Paul O’Gorman Leukaemia Research Centre opens

Published: 21 May 2008

The Paul O’Gorman Leukaemia Research Centre has been opened by Dr Richard Rockefeller.

The Paul O’Gorman Leukaemia Research Centre has been opened by Dr Richard Rockefeller.

The £3million centre is fitted out with the latest technology and will allow specialists to translate laboratory findings into new treatments for patients. It was built after a fundraising drive by the University of Glasgow, which saw more than £2.5million raised in six years.

Opening the centre, Dr. Rockefeller paid tribute to the staff and said their work is vital.

He said: “The leukaemias are among the harshest of cancers. Much progress has been made to date, but a great deal remains to be done.  I have chosen to support the POGRC because among all the world’s researchers, Dr. Tessa Holyoake and her extraordinary staff stand out as offering the greatest promise of a medical cure for the leukaemia from which I have suffered.

Richard Rockefeller“It is my great honour to open the Paul O’Gorman Research Centre.”

Dr. Rockefeller, who is a practicing family physician and also the great-grandson of the industrialist John D. Rockefeller, was diagnosed with chronic myelogenous leukaemia in  the year 2000. Thanks to a breakthrough in drug treatment around that time, he is healthy today, though not yet free of the disease.

University of Glasgow Principal, Sir Muir Russell said: “The University of Glasgow is committed to attracting and retaining the best staff by investing in research excellence.

“We are at the forefront of setting and delivering the research agenda, nationally and internationally, across the range of disciplines in which we are active and the completion of this world-class facility is a huge step forward in building our research capacity.

"I would also like to thank all those whose generosity made the completion of the project possible. The University of Glasgow is always extremely grateful for the support of its friends and alumni."”
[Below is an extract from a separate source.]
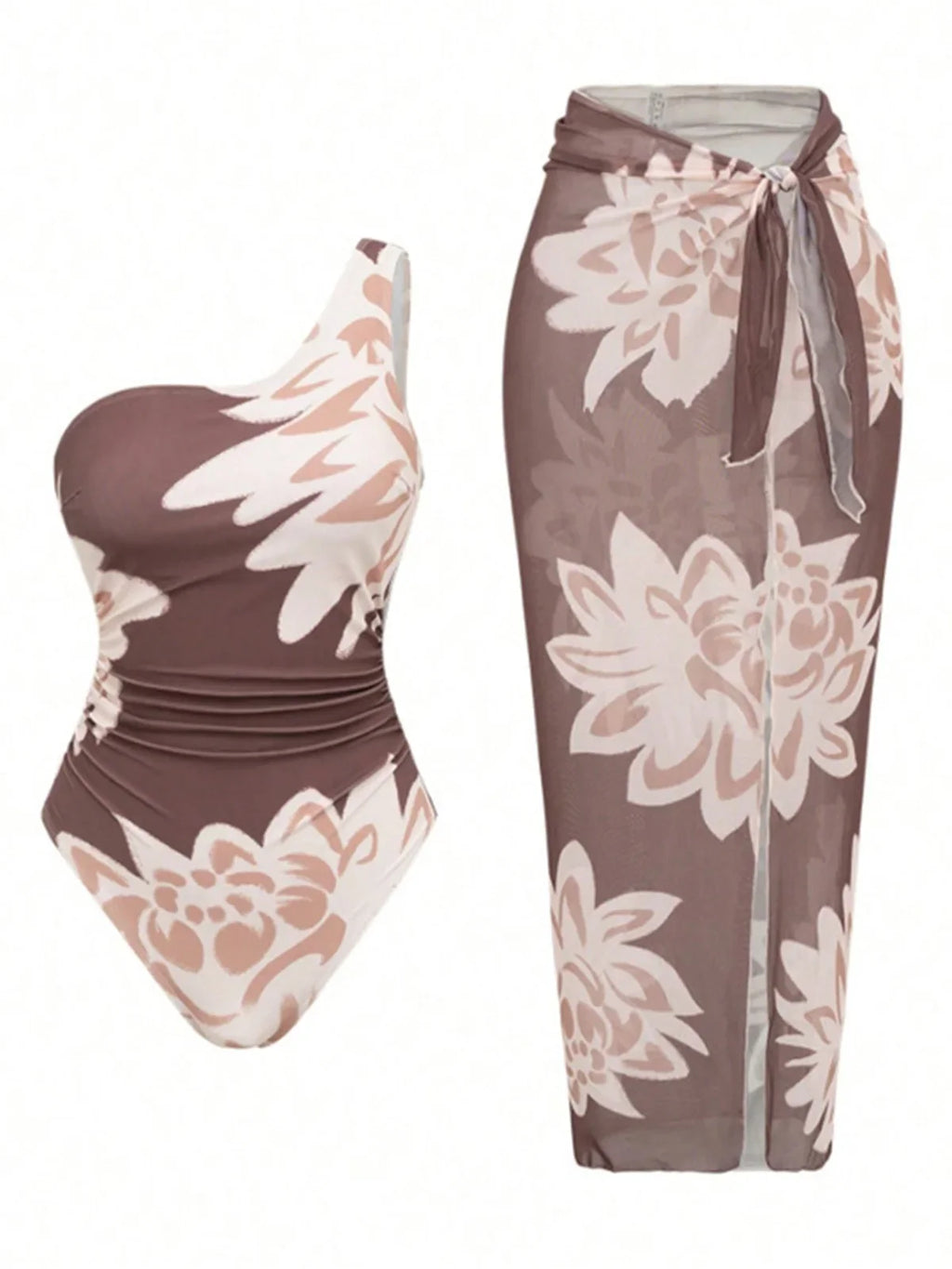 S - XL New With Skirt Printed One Shoulder Women Swimwear One Piece Swimsuit Female High Leg Cut Bather Bathing Suit Swim V8017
Tessa Holyoake, University of Glasgow professor of experimental haematology and director of the centre, said: "The key benefits of this new centre derive from the proximity of clinical and laboratory disciplines with all essential components incorporated into a single site.  Integration of the NHS and Blood Transfusion Centre offer improved access to blood and bone marrow samples from normal donors, cord blood (normal deliveries) and from patients with the full range of blood cancers.  

“The future success of leukaemia research depends entirely on our ability to integrate access to biobanks, established from normal donors and patients with blood cancer.

“Scientists can then interrogate the gene expression, protein expression and metabolism of cancerous cells compared with normal cells and finally to apply these new discoveries in designing clinical trials that give all patients access to more effective therapies.

“The Paul O’Gorman Leukaemia Research Centre has delivered our vision for translational haemato-oncology in Glasgow, bringing together these key elements on a single site.”

Dr David Grant, Director of Research for leading blood cancer charity Leukaemia Research says: “This is great news for the 2,000 plus patients newly diagnosed with a blood cancer in Scotland each year. The world leading research that will be carried out in the new centre will take us closer to cures for leukaemia and the other blood cancers which affect all age groups"

The University of Glasgow launched the Paul O’Gorman Leukaemia Research Centre campaign in 2002, in conjunction with the charity Leukaemia Research in order to build the Centre.

It is named after Paul O’Gorman, who tragically lost his battle with Leukaemia aged just 14.  Paul’s parents, Eddie & Marion, set up the charity Children with Leukaemia, which collaborated with Leukaemia Research to help raise the funds needed to get the centre built. 

Now the building is open, Leukaemia Research will continue to support the work of Professor Holyoake, whose work is crucial to our understanding of how chronic myeloid leukaemia originates from cancer stem cells.

The Paul O’Gorman Leukaemia Research Centre has been made possible by the commitment and generosity of more than 1800 donors and supporters.  The interactive donor wall will be situated in the entrance of the new centre, on the third floor.  The wall will feature the inscriptions chosen by those donors to the building who gave through the Appeal.